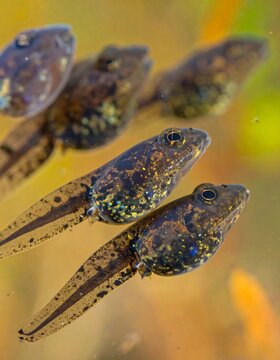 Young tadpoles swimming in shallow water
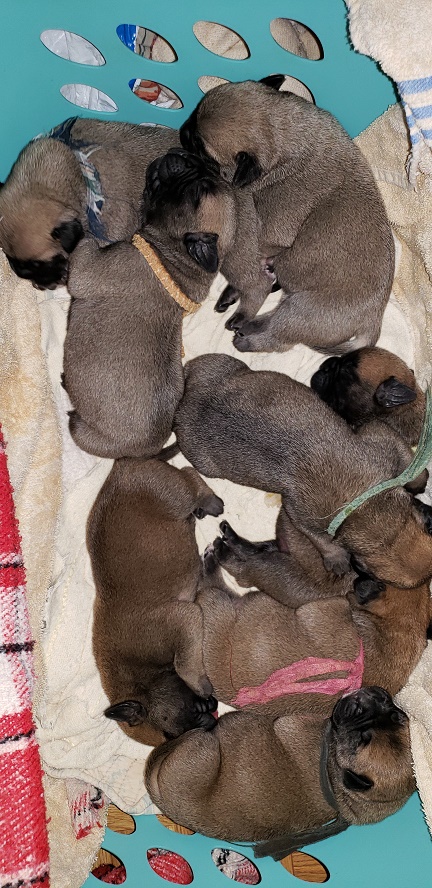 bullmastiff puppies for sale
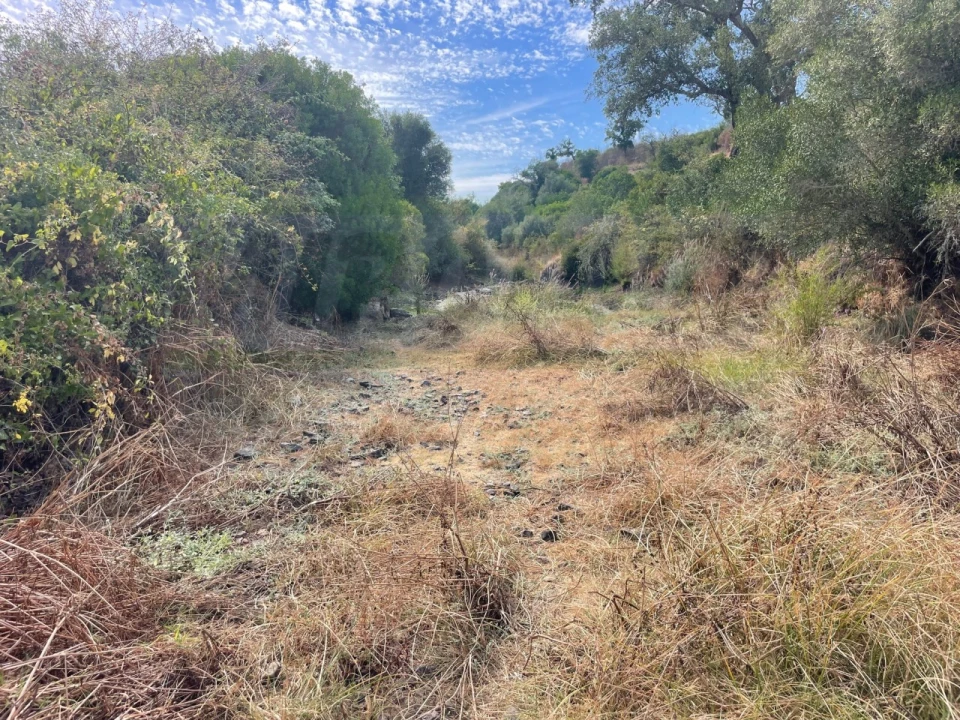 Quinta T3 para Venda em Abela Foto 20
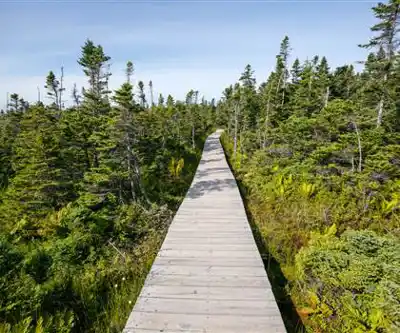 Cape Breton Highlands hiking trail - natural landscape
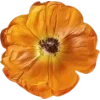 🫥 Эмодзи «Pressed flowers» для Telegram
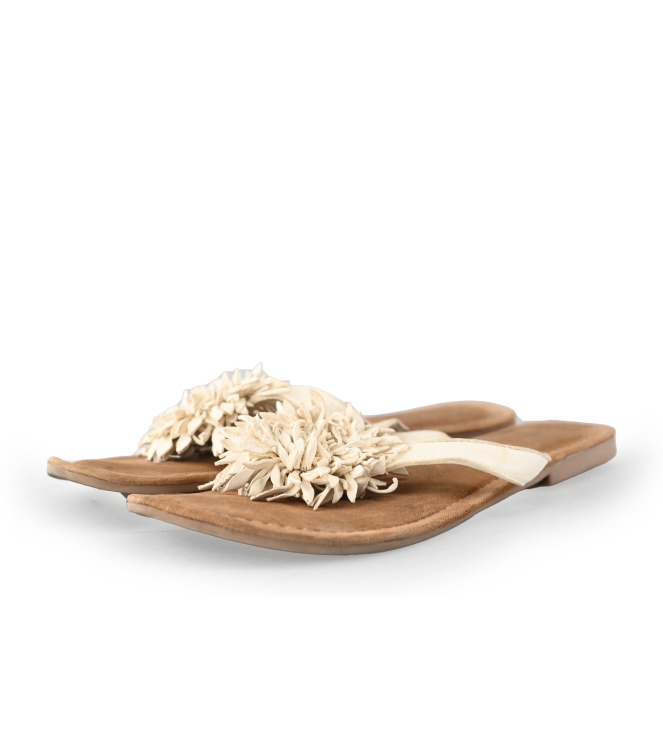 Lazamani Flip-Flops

■ ■ ■ ■ ■ ■ ■

▶ _EXERCISE PROMPT_
Pictures are not part of the copy. Please reproduce the material word for word.

▶ _OUTPUT OF THE EXERCISE_
 Young tadpoles swimming in shallow water
 bullmastiff puppies for sale
 Quinta T3 para Venda em Abela Foto 20
 Cape Breton Highlands hiking trail - natural landscape
 🫥 Эмодзи «Pressed flowers» для Telegram
 Lazamani Flip-Flops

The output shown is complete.